Frank Kardos doesn't usually buy presents just a few days before Christmas, but this year he missed his schedule. He caught a downtown bus to Harborplace this week to fill 11th-hour gift-list gaps.
"I try to finish way before this, usually around Thanksgiving," said the Baltimore resident. "But I just had a few last-minute things, and this is it."
Mr. Kardos has plenty of company, some merchants are reporting.
"Everything seems to be condensed into the last few weeks," said Zed Smith, general manager of Westview Mall in Catonsville. "People are holding onto their dollars just a little bit longer this year. They're waiting until the last minute."
Retailers reported continued strong holiday sales this week, and several said they expected a particularly robust surge today.
The last Saturday before Christmas is usually a hectic one. The fact that it's Christmas Eve as well this year could generate even more traffic, merchants said.
In a national survey by business consultancy Arthur Andersen LLP, two-thirds of 750 consumers interviewed last weekend said they still had Christmas shopping to do. A third said they hadn't begun.
That's more procrastinators than normal, said Jay Scansaroli, the partner in charge of Andersen's retail consulting business.
"Maybe it's a sign that people are waiting for value and waiting for markdowns," Mr. Scansaroli said. "I think retailers are going to finish with a strong weekend."
If shoppers have been waiting for markdowns, they've been amply rewarded. Maryland newspaper and TV operators have reported strong ad revenue this year, and many of those spots have featured discounts of 50 percent and more on everything from jewelry to topcoats.

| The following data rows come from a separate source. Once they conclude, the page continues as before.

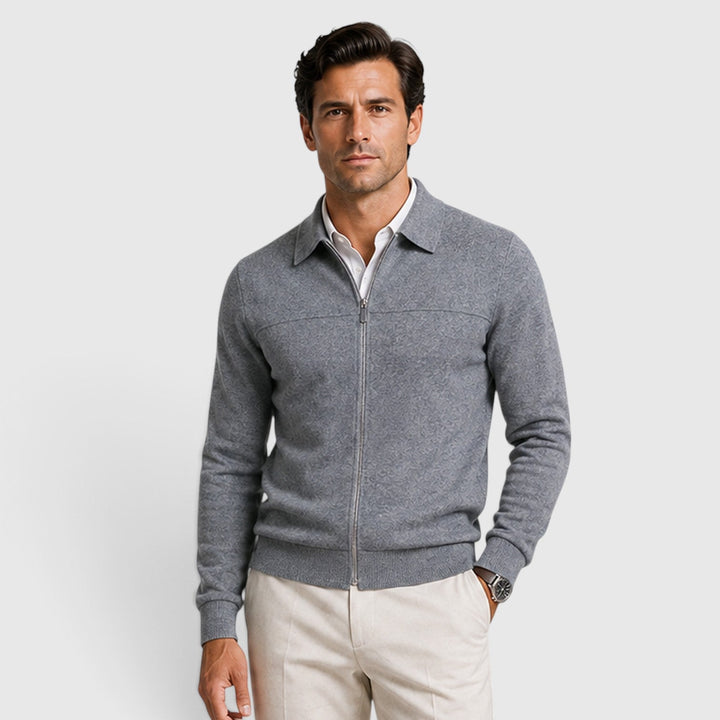 Oliver | Men's Knit Sweater with a Zip Fastening and Classic Collar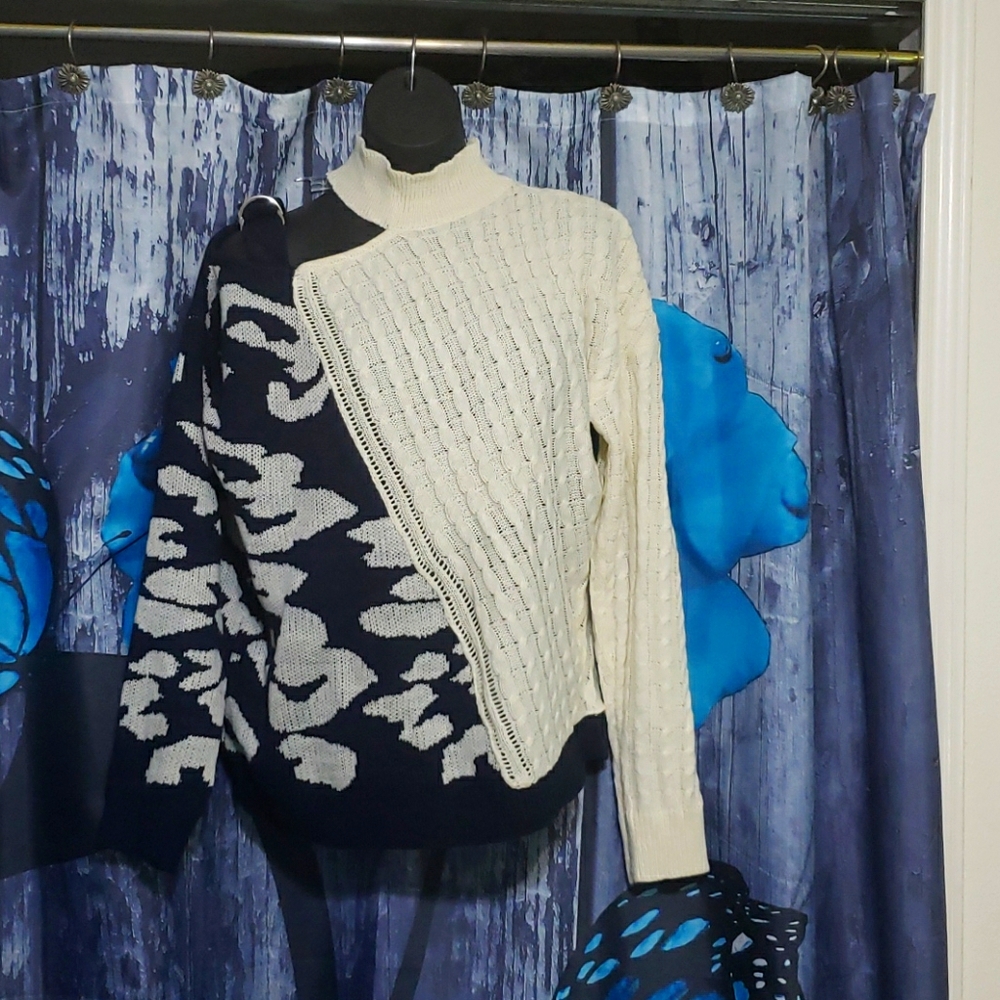 Asymmetrical Blue and cream colored sweater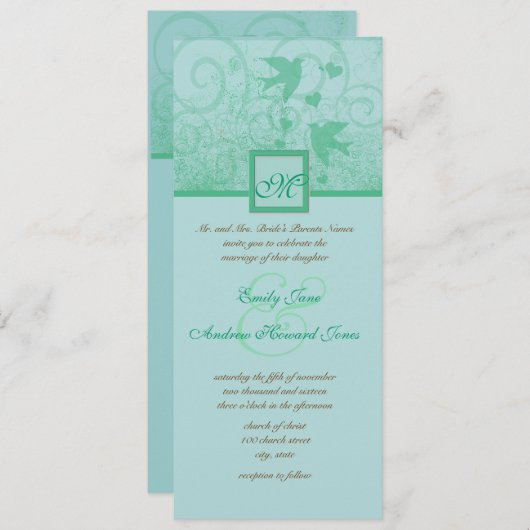 Inséparables volants Faire-part de mariage (Devant / Derrière)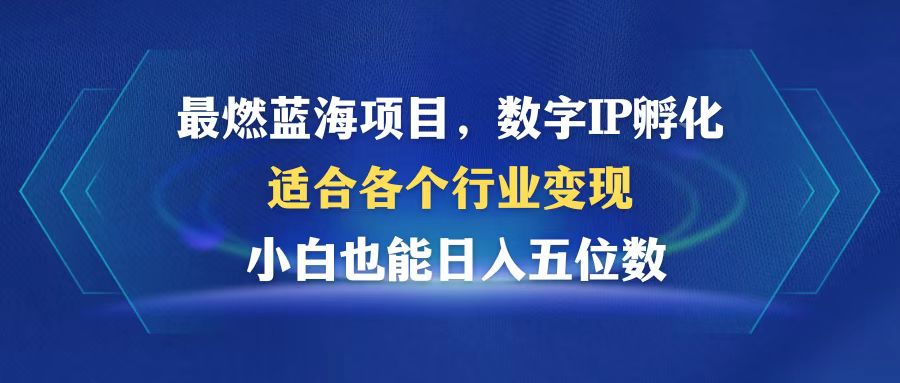 最燃蓝海项目  数字IP孵化  适合各个行业变现  小白也能日入5位数-搞个副业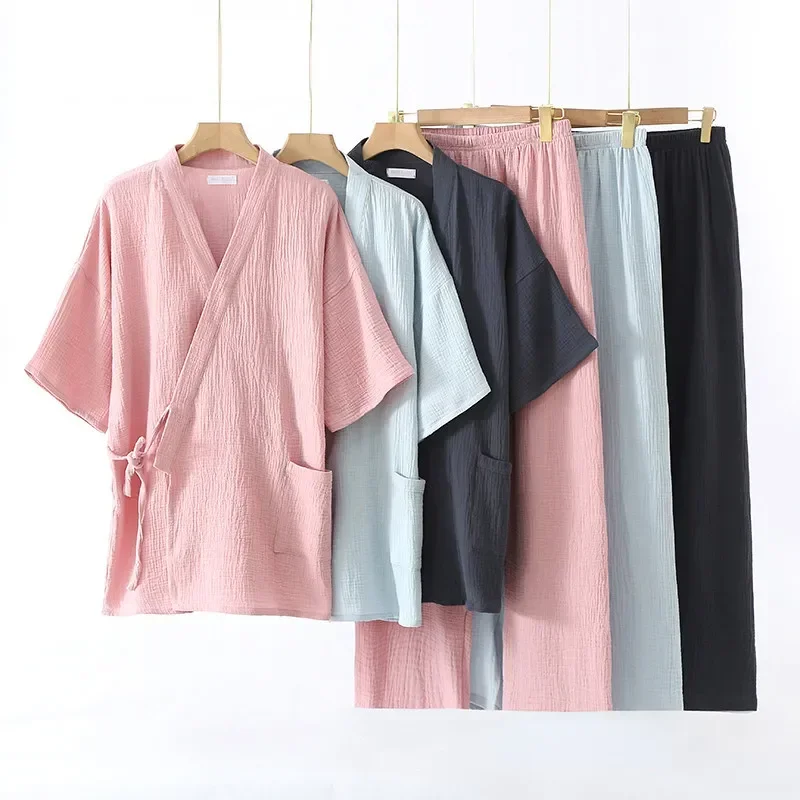 

Couple Trousers With for Gauze Pajama Top Comfortable Perfect Stylish Crepe Loungewear Cotton Short-sleeved Women's Set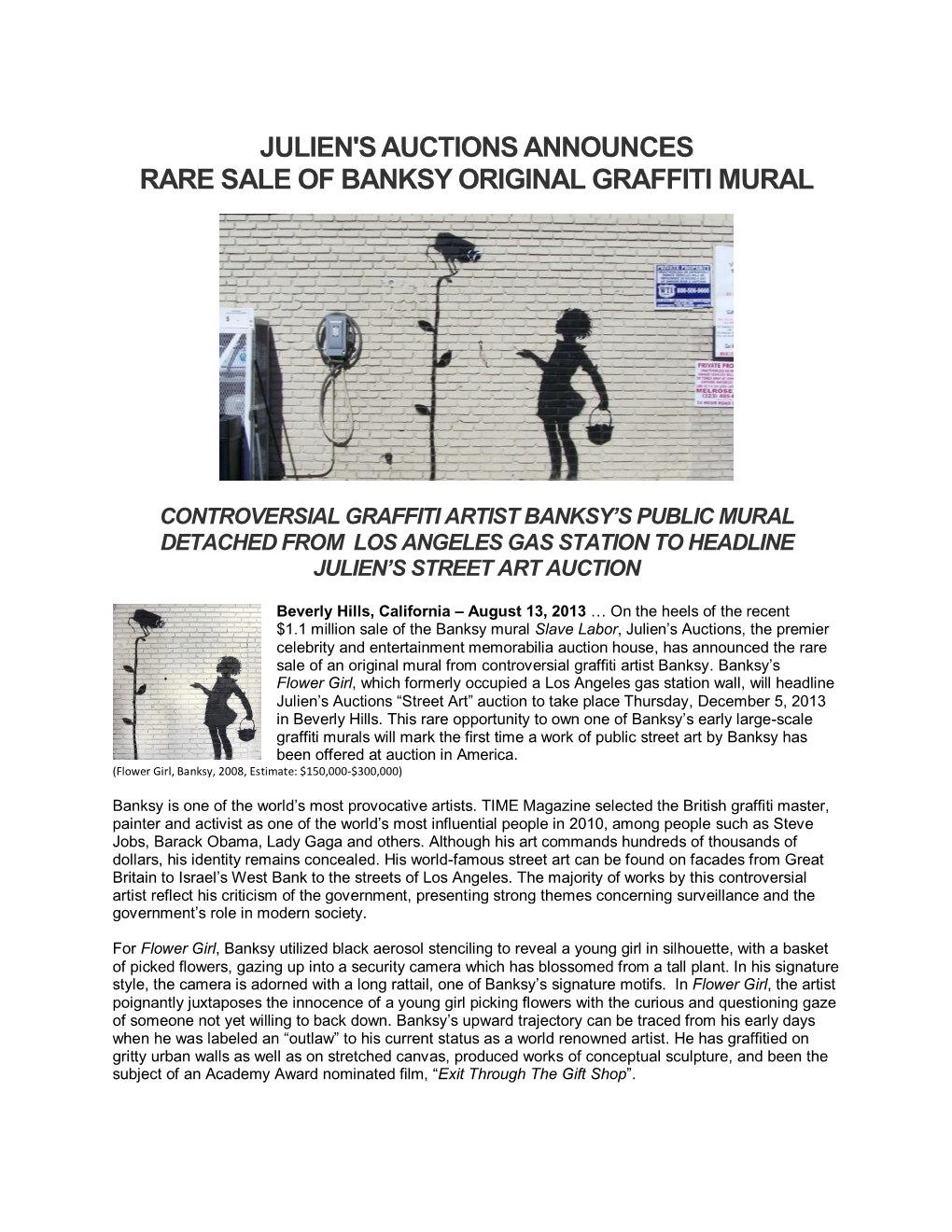 Julien's Auctions Announces Rare Sale of Banksy Original Graffiti Mural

The promotions will keep profit margins lower than they otherwise would have been.
Store managers and mall operators continue to expect average holiday sales increases this year of between 4 percent and 6 percent or more, which is considered a healthy rise.
"I feel very comfortable that we're talking at least a 6 to 8 percent increase," said Karen Pospisil, marketing manager for White Marsh Mall.
But some stores experienced a mid-December slump, reporting that recent weeks didn't match a flurry of buying that came in the first 10 days after Thanksgiving.
"There's been some softening the last couple of weeks," said Tom Saquella, president of the Maryland Retail Merchants Association. "We projected a 5 percent increase. It's going to take a pretty strong final week to reach that."
One possible reason: Hanukkah came early this year, starting Nov. 27, the Sunday after Thanksgiving.
Some items haven't stopped moving, however. Jewelry, computers and toys continue to sell briskly, store operators said.
"We're significantly ahead of plan -- significantly," said Jerry Greenberg, general manager of the CompUSA computer store in Towson. "It's going great."
Apparel sales aren't booming, but they're still much healthier than last year, merchants said. The cold weather of recent weeks helped spur checkouts of coats, boots and gloves.
Mr. Saquella is skeptical that a blockbuster Saturday will make up for the mid-December blahs that some retailers saw. Many stores will close at 6 or 7 p.m. today, silencing the cash registers early, he noted. And the predicted rain for the area wouldn't help.
"It's going to be interesting to see how Saturday plays out," Mr. Saquella said.
But others aren't worried.
"No matter what it is, everybody figures out at the last minute what they want," said Steven Baum, president of Greetings & Readings, a large book-and-card store in Towson. "So far, knock on wood, it's been a great season."